In stark contrast to light-bottle liquor, the mid-to-high-end baijiu market is currently in a painful adjustment period. Premium varieties face significant price pressures, evidenced by the notable decrease in the wholesale price of famous labels, such as Moutai, which has dropped from 2,700 yuan to below 2,200 yuan per bottle. Similarly, Wuliangye and Guojiao have also seen their prices drop significantly from their original pricing structures, indicating a wider market retraction.

The distress signals are especially pronounced among brands once considered dark horses. The high-end Neicheng series of Jiangjiu liquor witnessed a staggering 60.85% decline in revenue during the first half of the year. Overall, many companies within the mid-to-high-end sector are grappling with plummeting sales, demonstrating a significant shift in consumer demand.

One remarkable player in the industry, Shanxi Fenjiu, has reported impressive gains that seem almost uncorrelated with the broader market trends. Companies like these that successfully leverage light-bottle segments seem well-positioned during these tumultuous times, and their growth rates have markedly outpaced traditional high-end products.

In response to evolving preferences, many high-end brands have begun launching their own light-bottle products. Examples include Wuliangye's Jianzhang Glorious and Luzhou Laojiao’s budget-friendly black cap variations, reflecting an industry shift to adapt to these changes.

Can Light-Bottle Liquor Sustain the Market?

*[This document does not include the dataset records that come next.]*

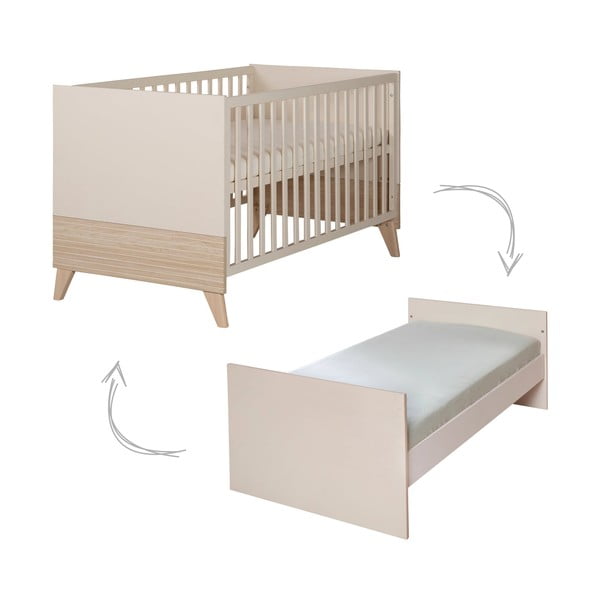 Béžová postieľka s nastaviteľnou výškou 70x140 cm Sidney – Roba-image-2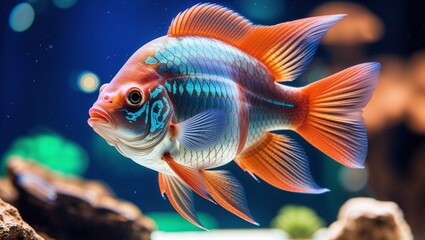 Fototapeta premium Artistic illustration of a colorful fish swimming in an aquarium with copy space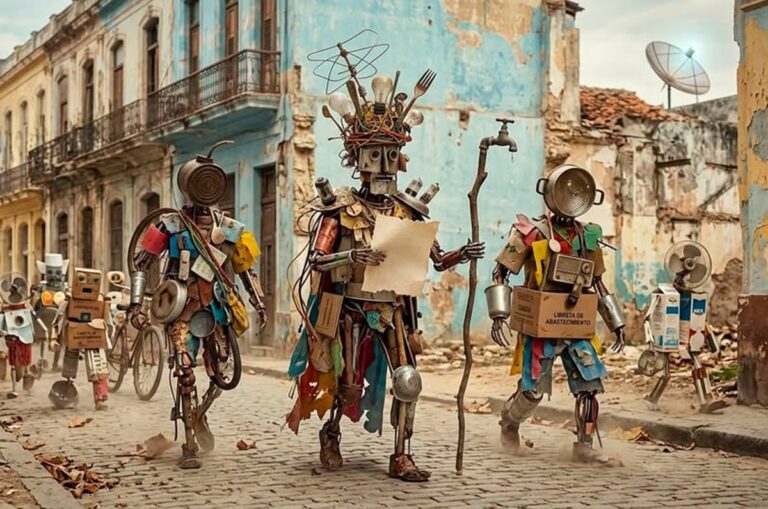 El rey desnudo y la implosión anunciada 1 En la foto, una imagen de IA de personas hechas a partir de hierros y materiales viejos
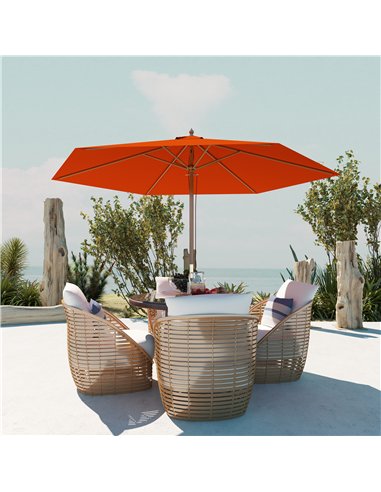 Outsunny 2.5m Wood Garden Parasol Sun Shade Patio Outdoor Wooden Umbrella Canopy, Table Market Umbrella with Vent, 38mm Pole, Ro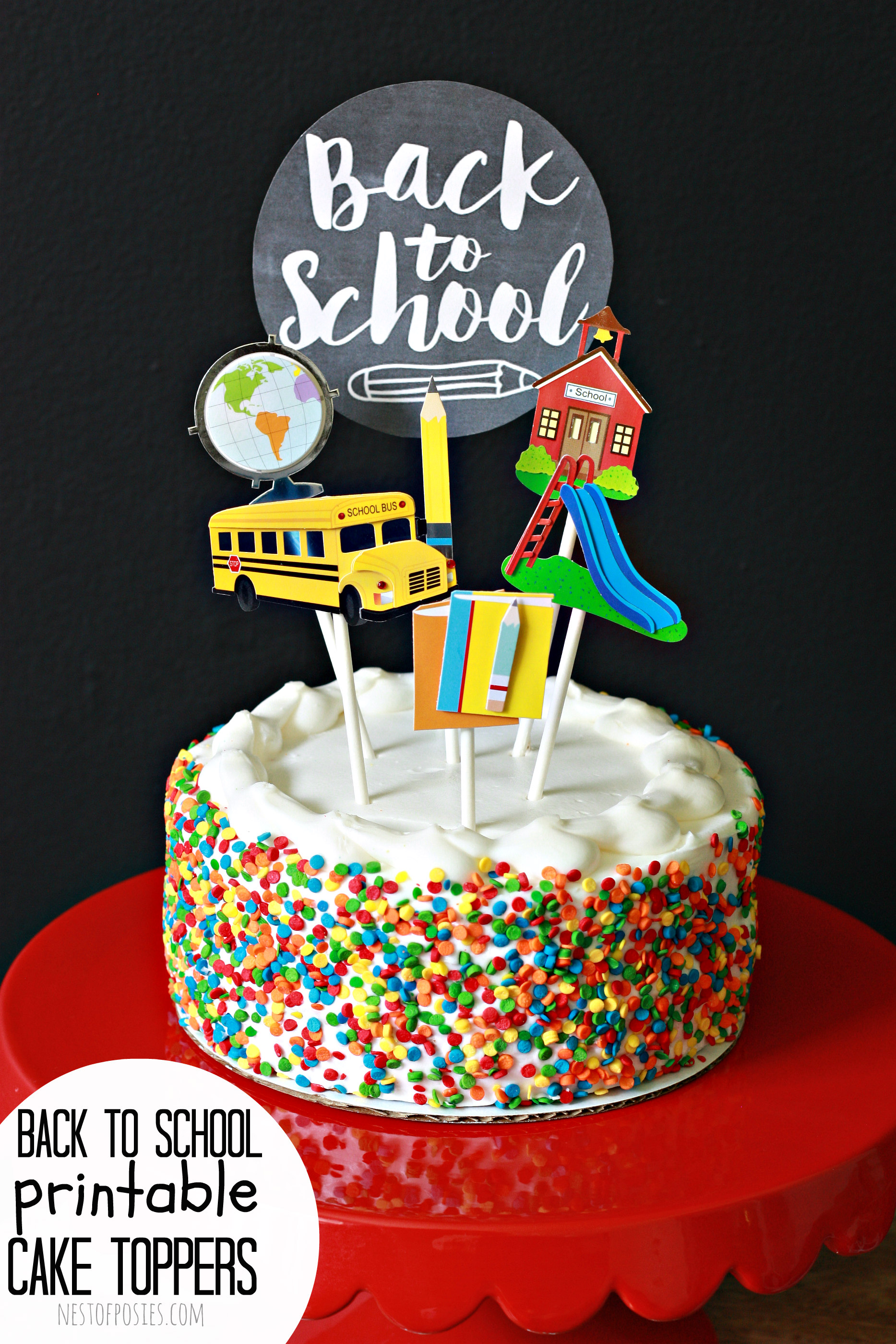 Cake Topper for Back to School Nest of Posies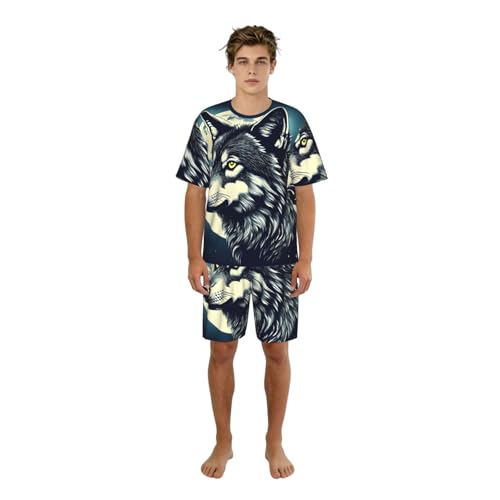 Ensemble de pyjama élégant pour homme avec imprimé loup raffiné et finitions haut de gamme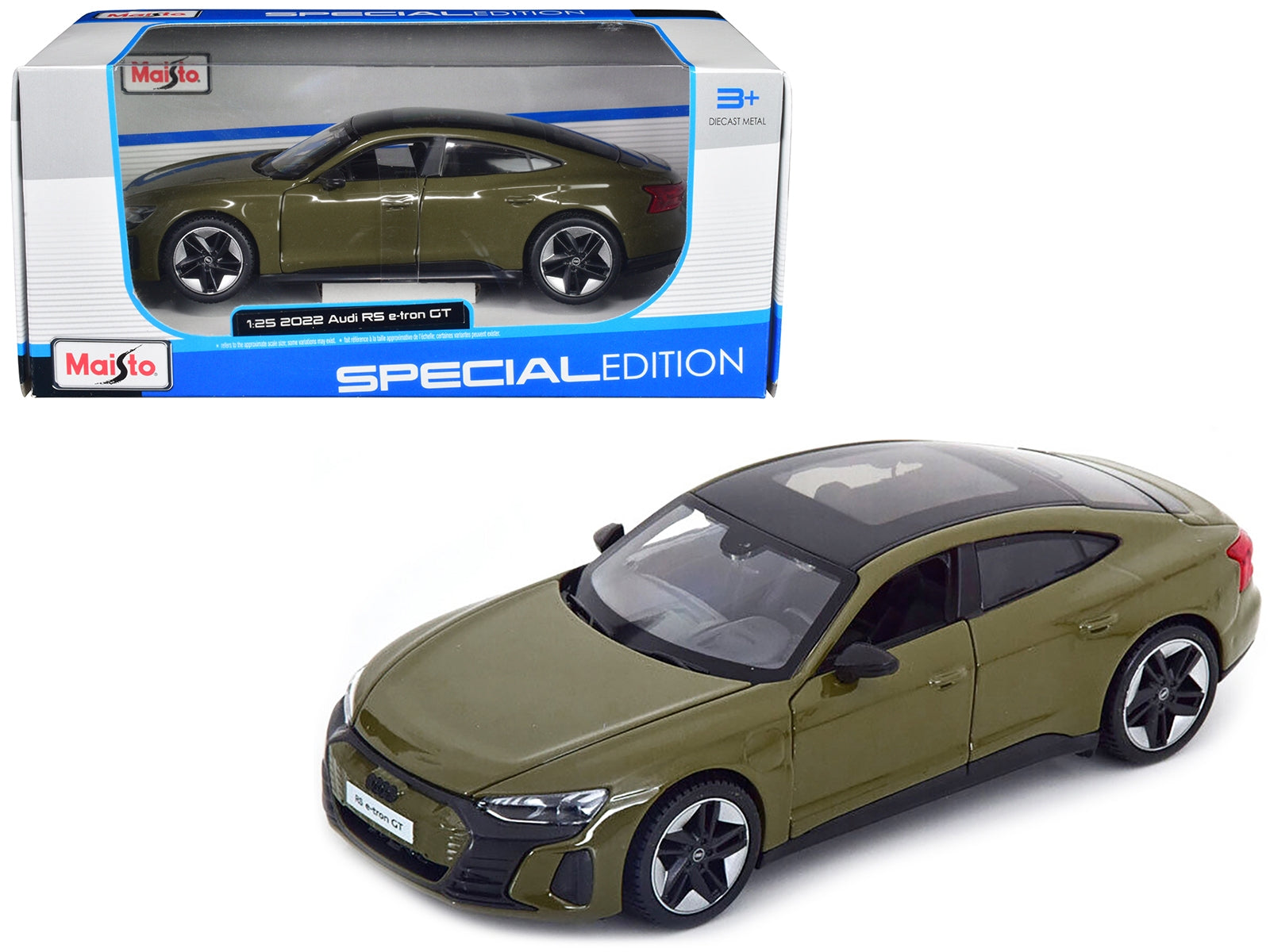 2022 Audi RS e-Tron GT Dark Green with Black Top and Sunroof "Special Edition" Series 1/25 Diecast Model Car by Maisto Maisto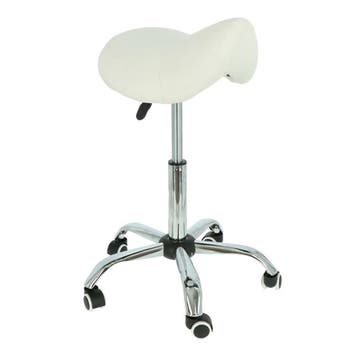 Alora Zadelkruk - Tabouret – Wit Chrome - Kruk – Kapperskruk, Nieuw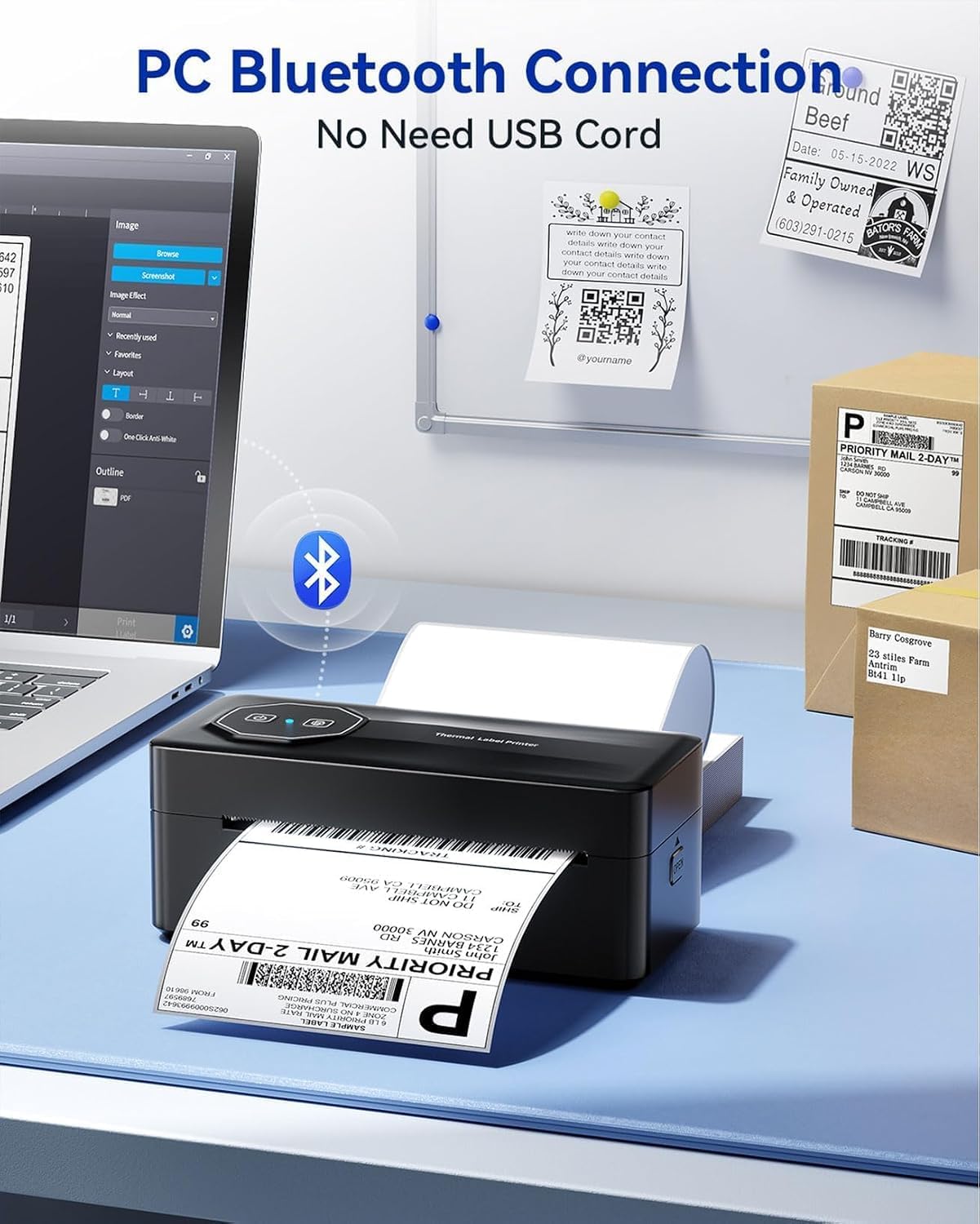 TATTMUSE Bluetooth Thermal Label 4X6 Wireless Shipping Label Printer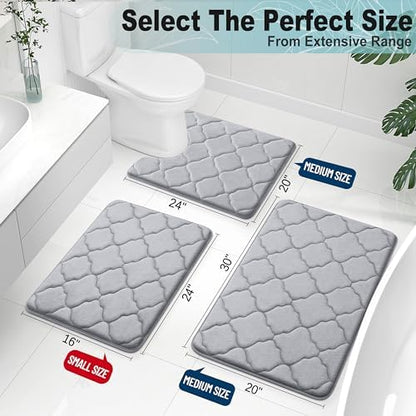 OLANLY Memory Foam Bath Mat Rug 30x20, Ultra Soft and Absorbent Bathroom Rugs, Non-Slip, Comfortable, Machine Washable Bath Carpet for Bathroom Floor, Tub, Shower and Home Decor Accessories, Grey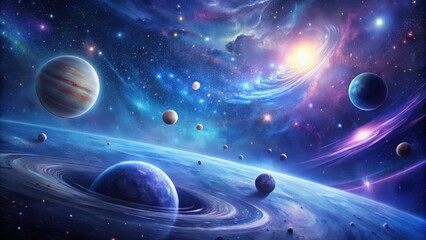 Obraz premium A Celestial Tapestry Planets Orbiting a Spiral Galaxy in a Vivid Cosmic Dance of Light and Color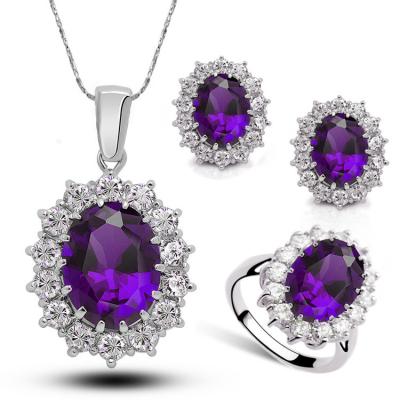 China TRENDY High End Simple Zircon Sapphire Zircon Pure Zircon Jewelry Set Ladies Party Fashion Jewelry Set for sale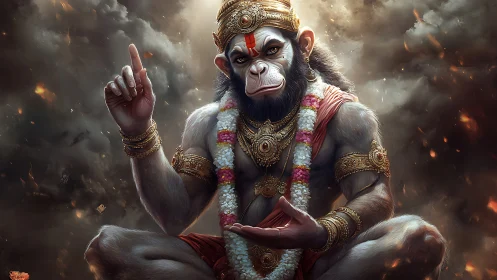 Divine simian warrior in meditative stormlit splendor.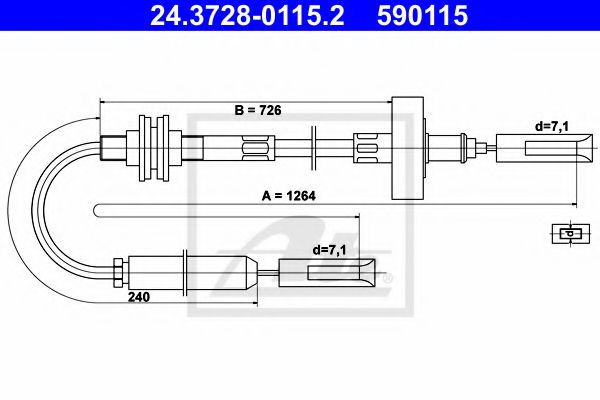 въжен механизъм, задействане на съединителя 24.3728-0115.2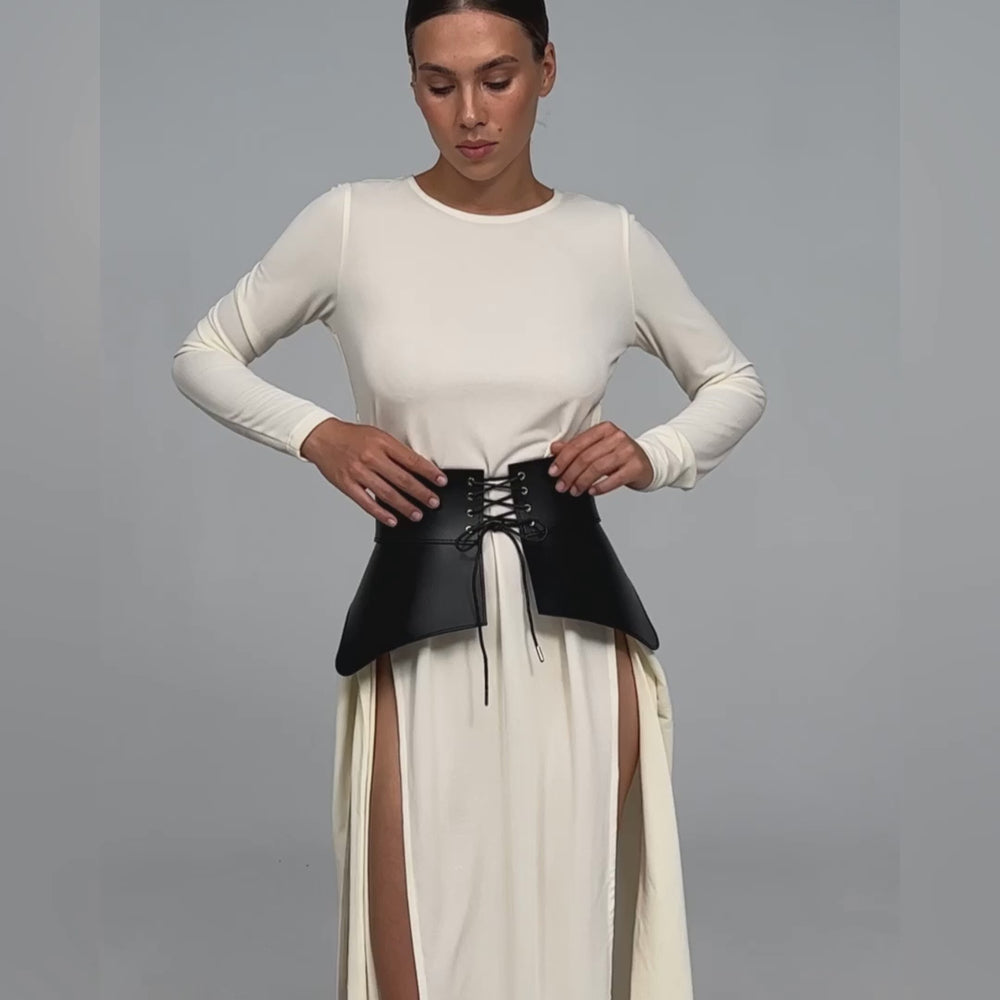 Leather Peplum Basque Belt – Wide Waist Cincher | BrunetkaHarness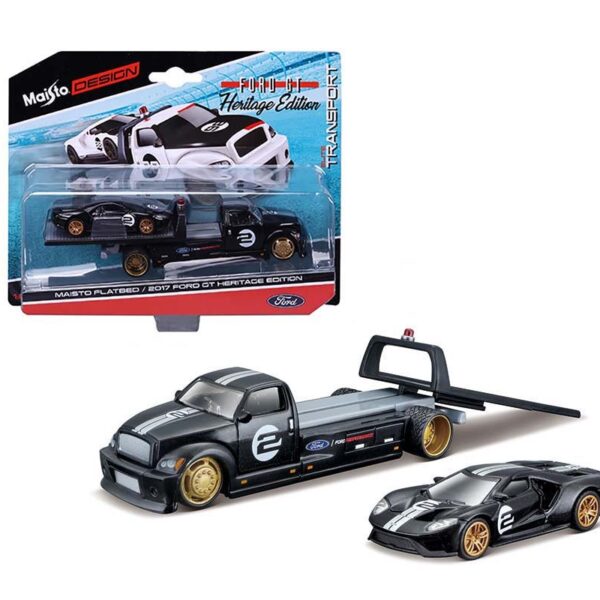 Maisto 1:64 Flatbed with 2017 Ford GT Heritage Edition (Black) – Elite Transport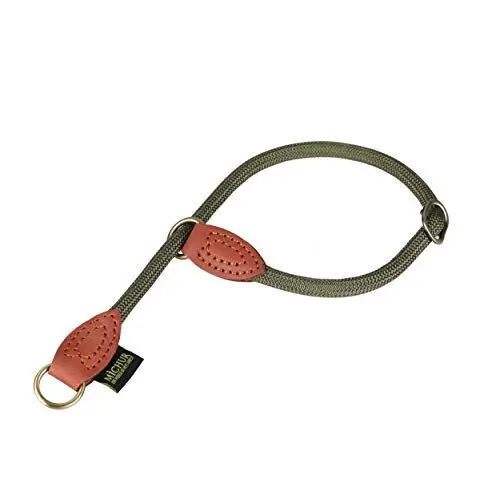 Produktbild: Michur Sherpa Free Green Hornet, Hundehalsband aus Tau mit Lederverstärkung, Dressurhalsung für Hunde mit Zugstopper Rund mit Polyamidkern und aus Nylon geflochten, Halsband für Hunde in 50cm.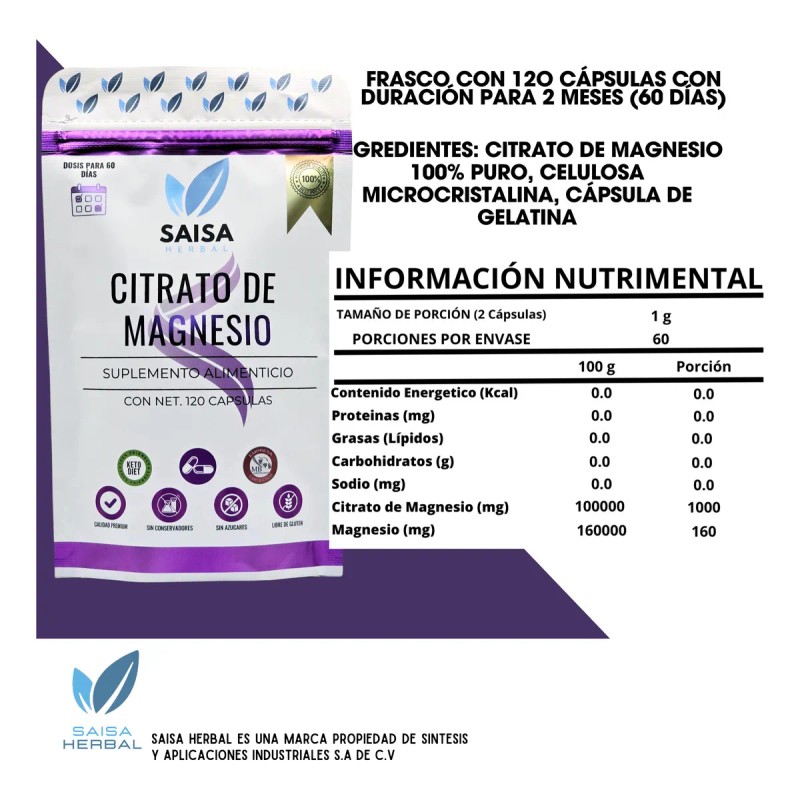 Citrato de magnesio y Citrato de Potasio bolsas 120 cápsulas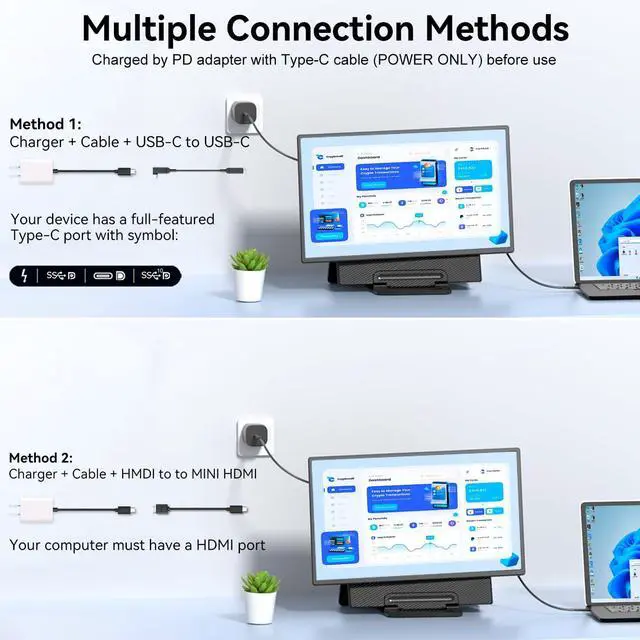 Alt view image 6 of 7 - Portable Monitor 24" 100Hz for Work Home Office Game, 1080P FHD IPS Laptop Screen Extender with Rotating Stand & VESA, Laptop Monitor Extender USB-C HDMI Plug-Play for Mac Windows PS Switch Xbox Phone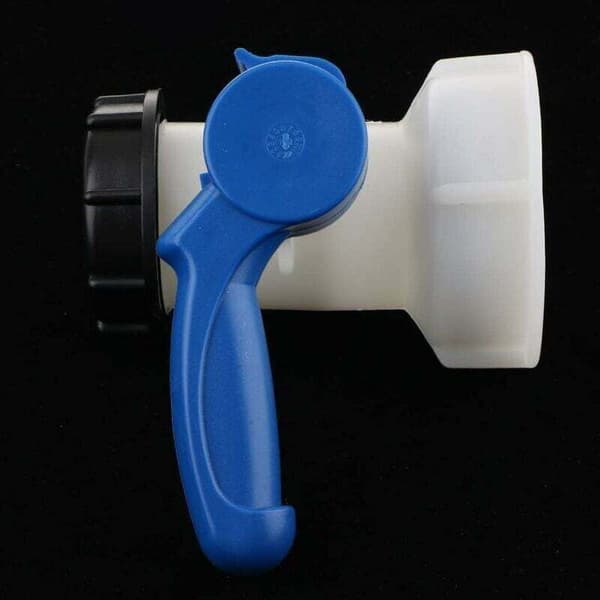 Ulisem 2X PP sommerfuglventil med 62 mm mutteradapter for 1000 liters IBC-tank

In the wake of the economic downturn in 2015, the value of light-bottle liquor began to stand out. But as the economy rebounds and the trend toward premiumization regains momentum, the relevance of light-bottle products becomes somewhat ambiguous, suggesting that they may need to lower their expectations to compete.

With a clear downward trend in consumption, light-bottle liquor seems poised for growth—provided that it aligns with broader consumer trends. However, understanding the driving factors behind consumer choices is vital. While packaging simplification may draw consumers, the successful products will remain those that also deliver exceptional value. Major brands with product power, production capabilities, and established channels hold a substantial advantage; should they decide to contend for market attention, they could profoundly impact other players.

The story of Niulanshan, dubbed the "King of Light-Bottle Liquor," demonstrates this risk. Despite previously reaching peak sales of 840 million bottles, Niulanshan’s sales have dipped sharply to less than 500 million bottles in 2023.

Amid these uncertainties, Niulanshan attempted to enter the mid-range sector, but due to brand positioning, this pivot has yet to yield significant results. Currently, mid-range and high-end products account for only 16.3% and 14.33% of Niulanshan's overall sales, respectively.

This balancing act between premium and mainstream markets poses a vital challenge for leading companies. For instance, Shanxi Fenjiu leverages its light-bottle lines to grow; however, to enhance product focus, the company has strategically managed the production of its light-bottle series to assist in elevating its higher-end labels.

In a complex market landscape, the evolving preferences of consumers present ongoing challenges for industry participants. In the short term, the overall trajectory for light-bottle liquor appears favorable, yet the associated pressures from diverse fronts loom large. The unfolding situation will determine whether light-bottle products can truly fortify the baijiu market's new "dumbbell" structure, a question that remains open-ended.